SATA HDD issues

floflooo · March 8, 2017, 5:06pm

I wish we had have an answer already. I am planning on buying two HDD but waiting to know if there is a compatibility issue.

technik007cz · March 8, 2017, 5:57pm

what I found it is working:

one sata connected drive mounted and running do not cause any problems for me (btrfs defrag + lxc containers running + media server + etc all running together )
2 drives on sata ports only sharing data on network ( cpu limits network transfers about 30MB/s and therefore pcie bus is not overloaded, no other services causing drives reading or writing than samba is not running )
transfers between usb 3.0 drive and sata connected drives
rsync between 2 drives with limited speed about 15MB/s (rsync --bwlimit=15M)

what is not working for me:

raid sync between two drives on sata ports (drives transfers data at maximum speed about 300MB/s together and it causes kernel error and sata connected drives are out of game until router is restarted)
“btrfs scrub” on two drives at once (same like previous note)
copying data at full speed between drives on sata ports (same like previous notes)

quick · March 20, 2017, 6:48am

Disabling NCQ with:

echo 1 > /sys/block/sda/device/queue_depth
echo 1 > /sys/block/sdb/device/queue_depth

makes mdraid creation and syncing with no errors (so far).

Wondering how to make this change permanent without need to recompile the kernel (like in this answer).

Posibility to change some other kernel parameters permanently (kernel log buffer, cpufreq governor, libata parameters) will be much appreciated.

maurer · March 20, 2017, 7:30am

it’s not enough to add it in the rc.local to be run at boot time?

quick · March 20, 2017, 7:45am

Some of those parameters must be set at boot time (e.g. kernel log buffer). For others is sufficient user space change. In general, posibility to add/change kernel parameters at boot time would be great.

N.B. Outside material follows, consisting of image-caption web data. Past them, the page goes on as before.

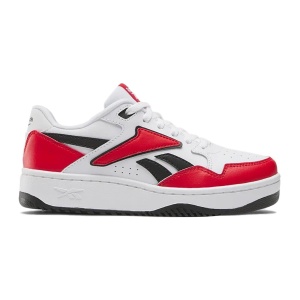 Reebok 100201835 Atr Chill Spor Ayakkabı Kırmızı 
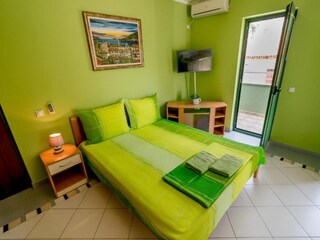 Apartment Herceg Novi Ausstattung 65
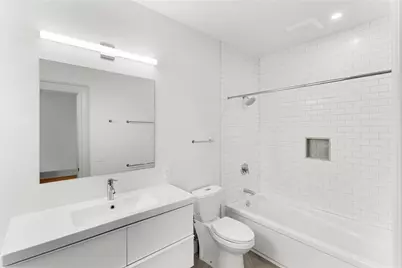 31 Parade Street #301, Providence, RI 02909 - Photo 16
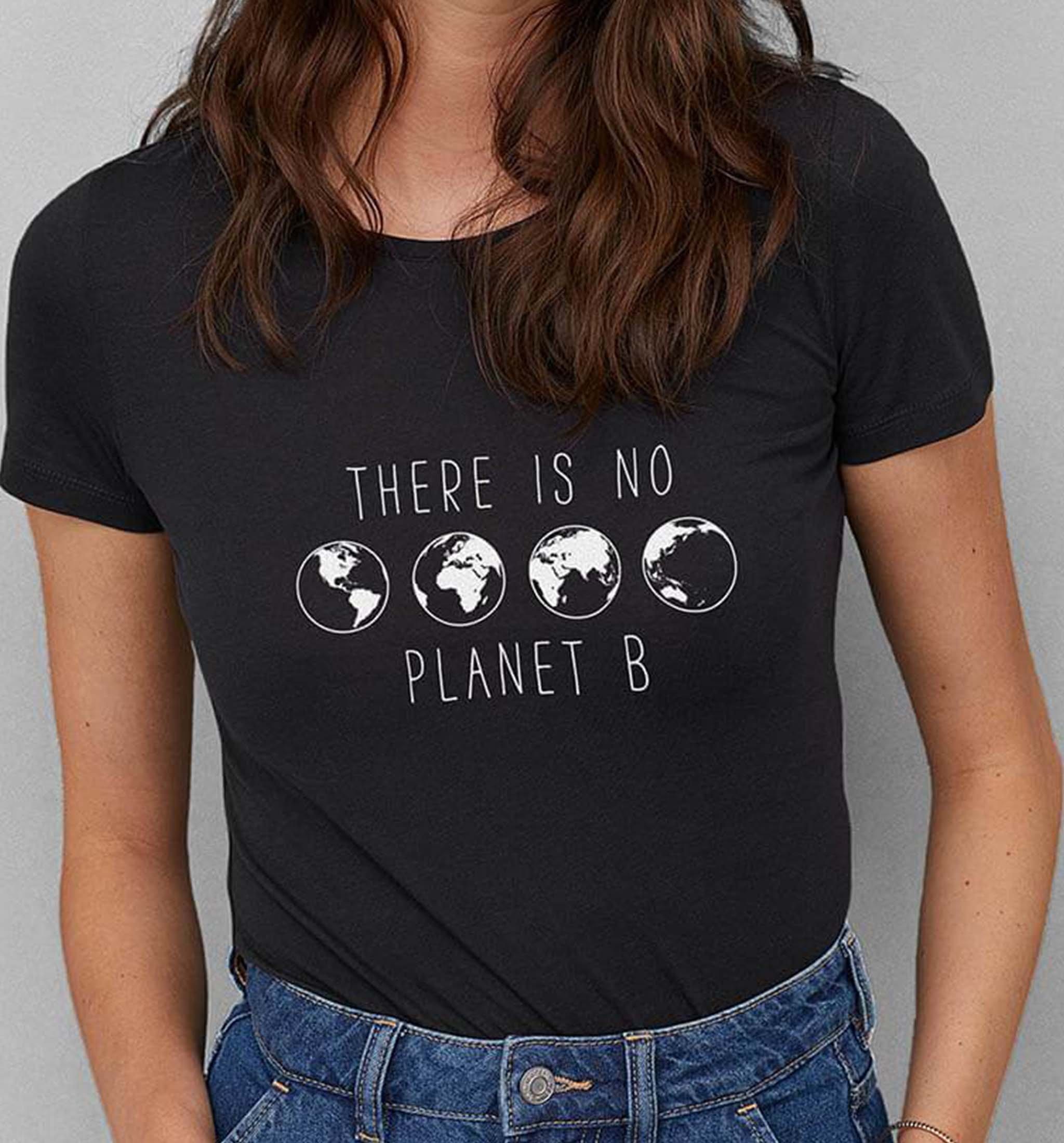 planet womens clothing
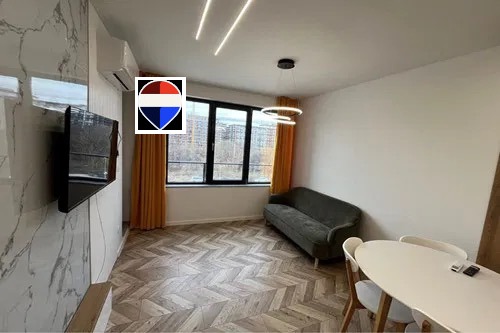 Дава под наем 2-СТАЕН, гр. Пловдив, Пещерско шосе, снимка 4 - Апартаменти - 53820576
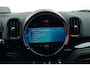 MINI Countryman Mini 2.0 Cooper S E ALL4 Chili | Leer | Plug-in |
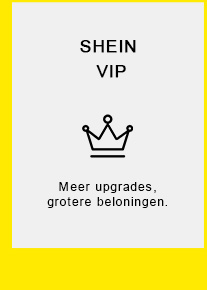 VIND MEER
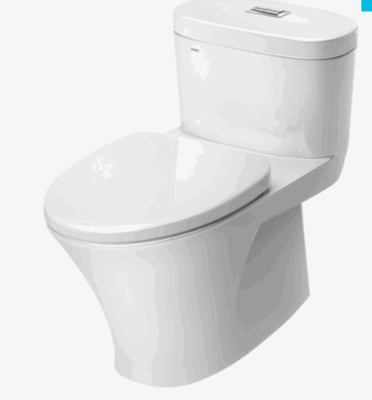 BỒN CẦU 1 KHỐI AC-959VAN INAX 2 AC 959VAN INAX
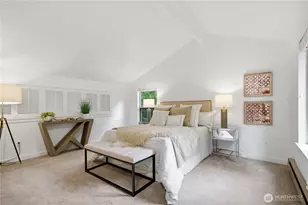 8111 146th Ct NE, Redmond, WA 98052 - Photo 13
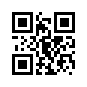 QR kód na webstránku http://www.iz.sk/sk/projekty/ukazovatele-za-EU/miera-nezamestnanosti-mladych-so-stredoskolskym-vzdelanim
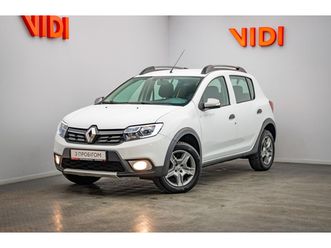 1.5 (90 к.с.) 2021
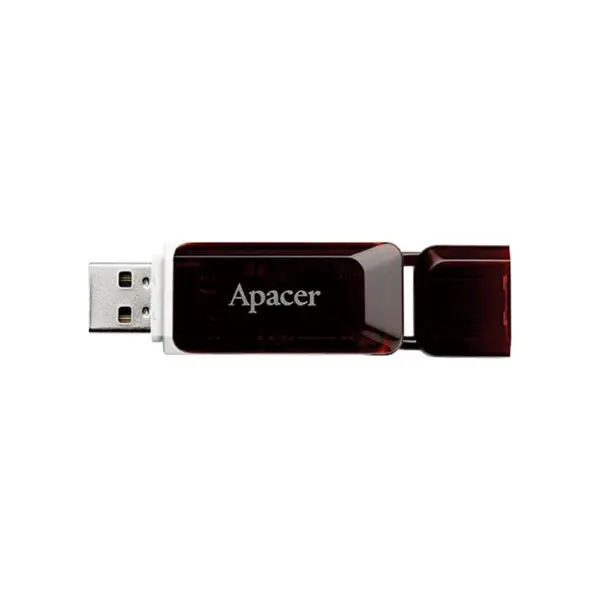 فلش مموری اپیسر مدل AH321 ظرفیت 32 گیگابایت فلش مموری اپیسر مدل AH321 ظرفیت 32 گیگابایت - 2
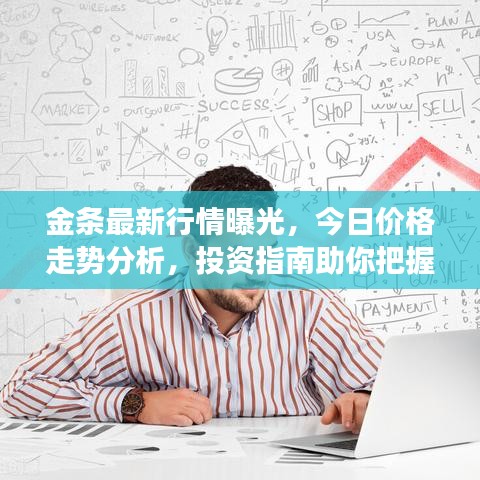 金条最新行情曝光，今日价格走势分析，投资指南助你把握市场机遇！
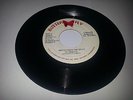 BUTTER FLY/DREAD FROM THE HILL - WINSTON HILLS [ROOTS REGGAE]  7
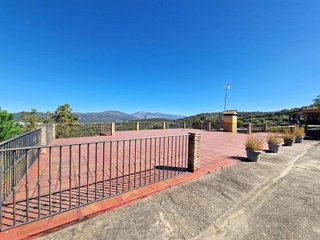 Chalet en venta en Zona Sur-Av. de España-San Miguel en Plasencia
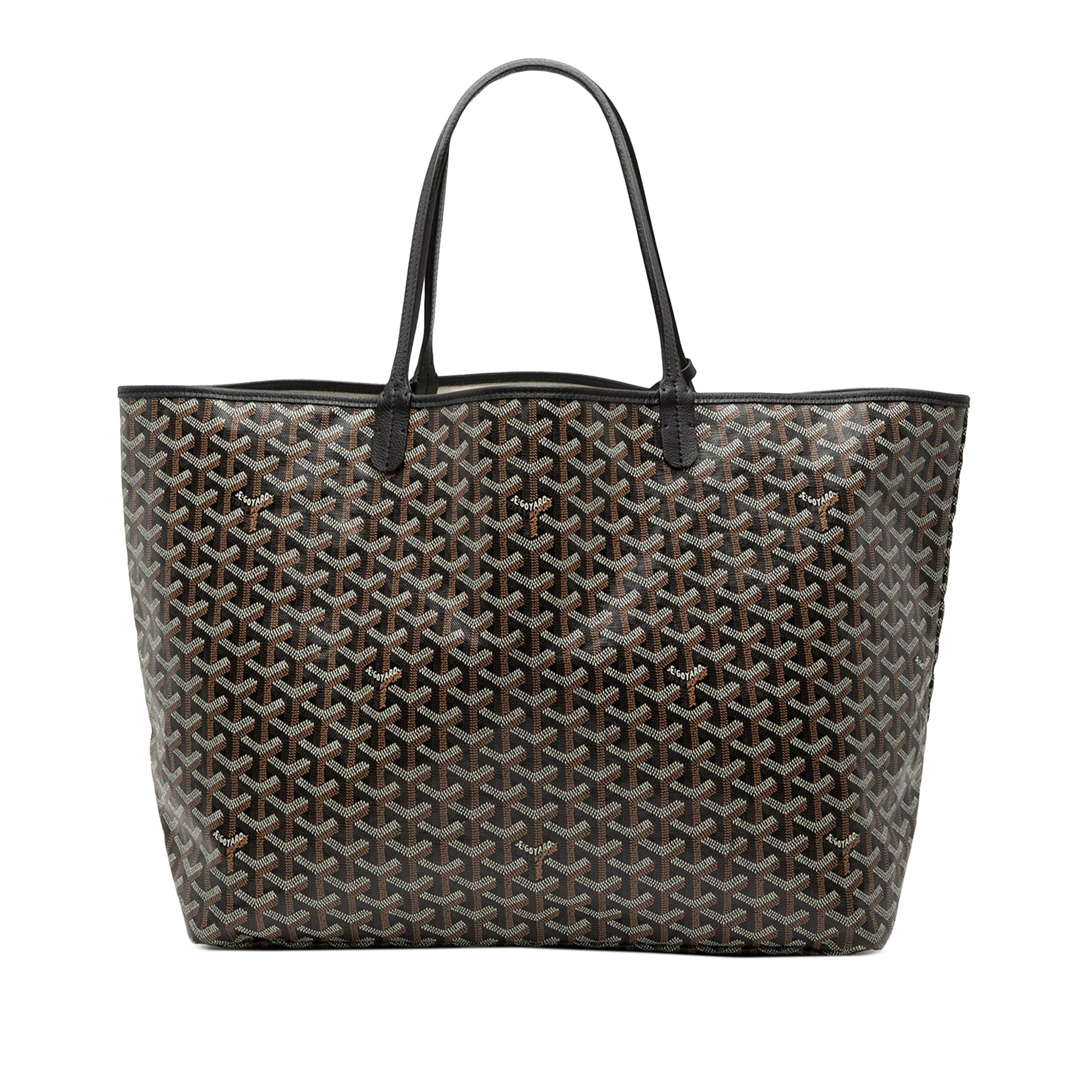 Goyardine Saint Louis GM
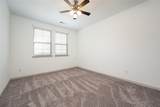 1060 Homestead Way - Photo 18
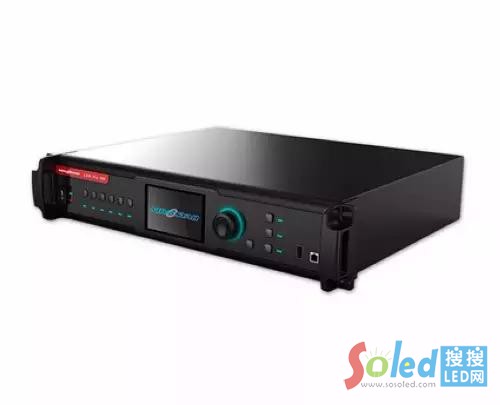 �Z��ҕ�l������NovaPro HD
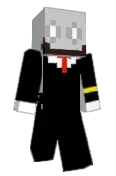 Ghost3235453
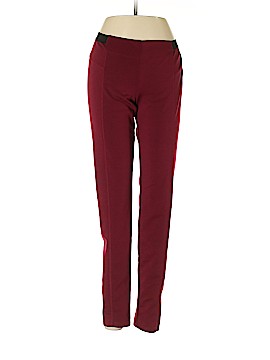 Simply Vera Vera Wang Size Sm
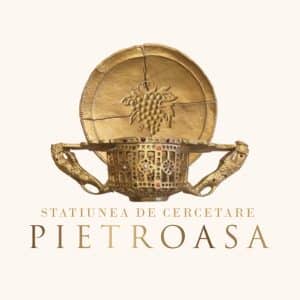 Statiunea de Cercetare Pietroasa
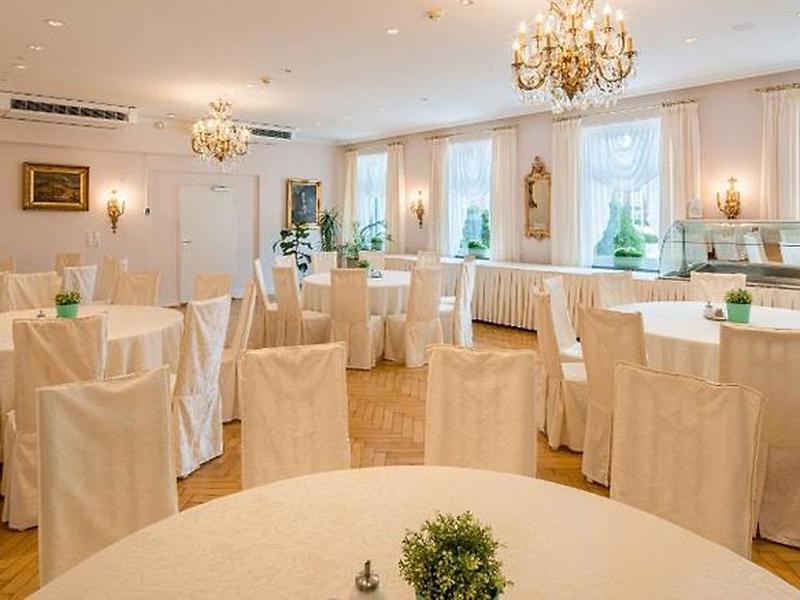 26717E7E3415EC55E5C077501B65790C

And it is more efficient to write

libata.force=noncq

than

for i in sd[abcde] do echo 1 > /sys/block/$i/device/queue_depth done

hybner · March 21, 2017, 9:22am

For me works to create file /etc/modules.d/41-aaa-libata with:

libata force=1.5,noncq

This file will not be overwriten by updater.

Maxmilian_Picmaus · March 21, 2017, 1:22pm

And what configuration/setup you have?

single drive, two signle drives(twins or different fw), hw-raid, sw-raid…?

hybner · March 21, 2017, 1:44pm

I have single drive on Turris 1.0 (not omnia) with mini PCIe sata card (ASM1061).

technik007cz · March 22, 2017, 12:29am

I added these lines in /etc/rc.local and rebooted router.
I am testing full defrag on both internal drives at this moment and leaving it running overnight. It looks like it helped because without it i was unable to complete initial sync of 40GB raid between two drives while with ncq turned off it finished without error.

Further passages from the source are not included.